The lack of clarity on who could lose their land‚ and what kind of land would be targeted‚ has created widespread panic. File photo.
Image: 123RF/Gudella

The African Democratic Change (ADeC) says the issue of land being returned to the people must not be racialised and that compensation for the land must come from the countries that colonised South Africa.

In a statement on Tuesday‚ it said the land issue in South Africa could be best understood in reference to the historical narrative of colonial expropriation of native African people’s land.

“We believe compensation should come from the colonising states. There has never been accountability for ravaging South Africa. Not only should they have to pay the compensation‚ but reparations need to be paid‚ because this was in fact a 300-year war. This war began when the colonialists violently invaded South Africa and the battles that ensued after that‚ including apartheid‚ crippled the indigenous people of South Africa. We believe the debate on land should unite South Africans by de-racialising the issue and understanding it for what it is‚” the party said.

The land issue has become a serious topic of contention after the ANC adopted land expropriation without compensation at its elective conference in December.

On February 27‚ a motion for land expropriation without compensation was passed in the National Assembly by a majority vote.

The matter was referred to the Constitutional Review Committee‚ which must report back to Parliament by August 30. The Economic Freedom Fighters had proposed that an ad hoc committee be established to review and amend Section 25 of the Constitution to make it possible for the state to expropriate land in the public interest‚ without compensation.

Section 25 of the Constitution – known as the property clause - states the government must make laws and take other steps to help people or communities to get land to live on‚ and to claim back land if they lost it after 1913 and because of an apartheid law.

Since the motion was passed the number of land invasion in various cities across the country have begun to rise.
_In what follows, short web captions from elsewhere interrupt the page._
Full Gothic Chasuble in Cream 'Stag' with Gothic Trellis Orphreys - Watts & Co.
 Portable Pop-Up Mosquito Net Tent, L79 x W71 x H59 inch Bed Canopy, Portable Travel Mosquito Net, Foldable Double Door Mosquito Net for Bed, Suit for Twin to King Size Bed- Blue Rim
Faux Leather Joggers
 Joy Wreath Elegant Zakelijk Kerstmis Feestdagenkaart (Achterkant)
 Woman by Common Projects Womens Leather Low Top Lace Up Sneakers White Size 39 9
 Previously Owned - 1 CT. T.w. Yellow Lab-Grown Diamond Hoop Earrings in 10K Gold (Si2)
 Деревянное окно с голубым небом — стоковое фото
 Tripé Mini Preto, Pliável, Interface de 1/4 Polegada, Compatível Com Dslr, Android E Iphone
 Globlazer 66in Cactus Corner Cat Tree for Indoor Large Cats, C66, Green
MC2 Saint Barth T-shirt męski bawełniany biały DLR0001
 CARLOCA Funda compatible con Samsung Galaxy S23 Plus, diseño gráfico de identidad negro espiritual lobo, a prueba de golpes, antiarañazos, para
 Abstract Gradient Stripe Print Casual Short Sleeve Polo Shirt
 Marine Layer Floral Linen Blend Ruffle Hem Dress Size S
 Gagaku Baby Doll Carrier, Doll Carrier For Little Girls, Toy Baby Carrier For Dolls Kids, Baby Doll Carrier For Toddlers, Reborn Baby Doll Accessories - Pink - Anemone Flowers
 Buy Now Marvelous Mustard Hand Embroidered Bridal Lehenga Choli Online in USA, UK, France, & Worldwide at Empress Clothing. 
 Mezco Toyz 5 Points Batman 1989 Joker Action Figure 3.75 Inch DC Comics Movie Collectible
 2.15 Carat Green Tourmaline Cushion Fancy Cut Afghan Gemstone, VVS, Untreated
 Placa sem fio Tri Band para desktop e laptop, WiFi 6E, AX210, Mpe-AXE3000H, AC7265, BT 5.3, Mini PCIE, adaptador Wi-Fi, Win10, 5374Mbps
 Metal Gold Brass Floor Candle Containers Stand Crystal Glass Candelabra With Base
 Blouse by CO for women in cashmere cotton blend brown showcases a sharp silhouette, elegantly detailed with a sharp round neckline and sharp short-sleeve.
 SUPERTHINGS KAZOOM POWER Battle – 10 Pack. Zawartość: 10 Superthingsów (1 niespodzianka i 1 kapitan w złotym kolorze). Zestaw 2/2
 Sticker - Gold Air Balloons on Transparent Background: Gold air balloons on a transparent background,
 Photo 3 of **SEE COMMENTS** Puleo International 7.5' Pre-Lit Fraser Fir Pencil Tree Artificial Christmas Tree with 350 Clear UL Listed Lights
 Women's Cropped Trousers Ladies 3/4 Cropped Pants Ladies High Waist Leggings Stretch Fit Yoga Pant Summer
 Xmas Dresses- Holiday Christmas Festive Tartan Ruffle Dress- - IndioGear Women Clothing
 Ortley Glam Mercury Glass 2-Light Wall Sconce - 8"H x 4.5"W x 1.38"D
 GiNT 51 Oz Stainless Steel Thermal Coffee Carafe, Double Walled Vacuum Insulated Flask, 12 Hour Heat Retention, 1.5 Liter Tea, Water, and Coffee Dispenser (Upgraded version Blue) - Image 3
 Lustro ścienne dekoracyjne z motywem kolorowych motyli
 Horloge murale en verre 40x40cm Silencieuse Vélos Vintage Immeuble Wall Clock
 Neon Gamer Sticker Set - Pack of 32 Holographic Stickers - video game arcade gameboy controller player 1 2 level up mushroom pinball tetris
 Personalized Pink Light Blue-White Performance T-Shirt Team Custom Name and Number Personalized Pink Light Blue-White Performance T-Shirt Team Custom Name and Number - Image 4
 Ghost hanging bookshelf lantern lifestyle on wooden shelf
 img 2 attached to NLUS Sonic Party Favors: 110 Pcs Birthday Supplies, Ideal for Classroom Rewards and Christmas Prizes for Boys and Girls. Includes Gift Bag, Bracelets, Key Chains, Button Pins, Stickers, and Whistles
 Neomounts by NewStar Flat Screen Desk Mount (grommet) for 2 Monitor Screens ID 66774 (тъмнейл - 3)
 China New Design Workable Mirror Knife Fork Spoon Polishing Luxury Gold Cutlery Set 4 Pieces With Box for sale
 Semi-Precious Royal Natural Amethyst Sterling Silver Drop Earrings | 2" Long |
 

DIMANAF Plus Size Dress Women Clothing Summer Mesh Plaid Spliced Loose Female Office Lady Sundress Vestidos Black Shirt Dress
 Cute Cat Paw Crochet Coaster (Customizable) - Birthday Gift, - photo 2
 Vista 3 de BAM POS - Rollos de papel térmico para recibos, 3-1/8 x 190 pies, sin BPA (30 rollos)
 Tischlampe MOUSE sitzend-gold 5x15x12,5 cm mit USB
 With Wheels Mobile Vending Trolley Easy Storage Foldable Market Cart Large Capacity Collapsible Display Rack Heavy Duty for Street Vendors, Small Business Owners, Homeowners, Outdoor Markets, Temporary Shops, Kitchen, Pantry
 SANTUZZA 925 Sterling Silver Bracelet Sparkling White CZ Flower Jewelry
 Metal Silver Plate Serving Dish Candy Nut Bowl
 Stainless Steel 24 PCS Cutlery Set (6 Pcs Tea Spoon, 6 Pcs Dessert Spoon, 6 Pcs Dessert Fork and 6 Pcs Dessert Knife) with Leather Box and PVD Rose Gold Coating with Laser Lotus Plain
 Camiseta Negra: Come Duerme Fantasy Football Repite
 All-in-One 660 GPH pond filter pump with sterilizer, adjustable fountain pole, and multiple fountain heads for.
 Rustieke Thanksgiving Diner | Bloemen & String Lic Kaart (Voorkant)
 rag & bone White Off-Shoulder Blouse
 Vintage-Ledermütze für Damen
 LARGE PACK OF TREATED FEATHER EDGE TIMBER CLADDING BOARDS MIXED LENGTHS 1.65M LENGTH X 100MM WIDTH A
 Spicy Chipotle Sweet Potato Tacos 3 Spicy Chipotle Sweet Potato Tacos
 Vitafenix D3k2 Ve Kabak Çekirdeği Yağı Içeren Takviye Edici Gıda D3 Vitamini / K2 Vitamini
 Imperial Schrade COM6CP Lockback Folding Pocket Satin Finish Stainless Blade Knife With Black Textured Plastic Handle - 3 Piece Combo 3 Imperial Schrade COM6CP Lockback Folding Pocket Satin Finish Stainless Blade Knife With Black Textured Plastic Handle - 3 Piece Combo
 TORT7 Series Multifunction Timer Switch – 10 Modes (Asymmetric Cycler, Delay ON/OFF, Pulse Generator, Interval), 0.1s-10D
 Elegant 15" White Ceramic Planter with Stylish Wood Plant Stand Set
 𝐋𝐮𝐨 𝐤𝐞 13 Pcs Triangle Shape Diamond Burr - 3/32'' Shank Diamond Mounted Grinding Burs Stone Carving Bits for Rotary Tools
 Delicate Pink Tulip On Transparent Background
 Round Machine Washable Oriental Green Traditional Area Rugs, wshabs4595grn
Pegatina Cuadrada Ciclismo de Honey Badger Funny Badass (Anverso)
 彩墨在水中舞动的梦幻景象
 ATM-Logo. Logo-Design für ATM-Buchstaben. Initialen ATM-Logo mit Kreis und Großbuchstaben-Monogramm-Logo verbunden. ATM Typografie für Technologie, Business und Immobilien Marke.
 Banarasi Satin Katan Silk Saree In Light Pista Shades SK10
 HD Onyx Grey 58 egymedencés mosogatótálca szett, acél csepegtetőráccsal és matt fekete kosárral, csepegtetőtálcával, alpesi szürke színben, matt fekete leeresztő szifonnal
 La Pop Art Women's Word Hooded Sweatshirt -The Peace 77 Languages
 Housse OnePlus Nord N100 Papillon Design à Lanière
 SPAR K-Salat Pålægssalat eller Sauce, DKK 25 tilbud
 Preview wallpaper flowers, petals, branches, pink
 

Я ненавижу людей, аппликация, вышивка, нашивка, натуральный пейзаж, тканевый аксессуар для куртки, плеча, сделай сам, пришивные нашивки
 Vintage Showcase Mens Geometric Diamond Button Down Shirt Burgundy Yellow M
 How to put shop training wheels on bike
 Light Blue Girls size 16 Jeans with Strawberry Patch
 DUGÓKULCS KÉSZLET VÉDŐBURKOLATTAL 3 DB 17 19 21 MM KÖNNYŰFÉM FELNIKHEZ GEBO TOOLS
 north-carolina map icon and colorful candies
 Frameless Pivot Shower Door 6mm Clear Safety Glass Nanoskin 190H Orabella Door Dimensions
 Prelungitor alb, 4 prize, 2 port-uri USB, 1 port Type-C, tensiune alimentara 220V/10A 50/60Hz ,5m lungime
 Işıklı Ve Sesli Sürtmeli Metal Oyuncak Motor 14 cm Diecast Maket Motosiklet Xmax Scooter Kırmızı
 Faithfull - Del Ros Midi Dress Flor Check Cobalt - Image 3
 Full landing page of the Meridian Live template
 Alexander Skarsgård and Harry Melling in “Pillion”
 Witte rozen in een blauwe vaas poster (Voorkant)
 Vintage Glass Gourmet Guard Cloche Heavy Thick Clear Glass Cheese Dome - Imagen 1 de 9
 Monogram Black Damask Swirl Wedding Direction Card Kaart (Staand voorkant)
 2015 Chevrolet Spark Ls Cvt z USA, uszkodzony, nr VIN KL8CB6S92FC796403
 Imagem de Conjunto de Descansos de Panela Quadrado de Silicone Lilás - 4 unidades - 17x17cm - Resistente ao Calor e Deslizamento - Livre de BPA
The City of Johannesburg and Tshwane have been the worse hit. On Tuesday‚ police were still dealing with land invasions in Protea Glen‚ Soweto.

ADeC said black South Africans were dispossessed of their land during the terrible years of colonisation and apartheid.

It said when apartheid came to an end‚ South Africans were politically free and equal but “they were not economically or socially free and equal”. It added that government’s programmes on land had failed to address this issue.

“We believe that land in South Africa should be expropriated‚ with compensation from former colonialist states of the land. We are of the view that the state should not have to carry the weight of past racial divides which were created to benefit an elite few foreigners who disposed native Africans of their land.

“The land should be placed under the custodianship of a body of the relevant stakeholders which would be made up of various civil society organisations‚ political parties‚ unions and other pertinent structures which will ensure the integrity‚ transparency and morality of the body. This body will be overseen by the constitutional judiciary where it is to be debated and implemented‚” the party said.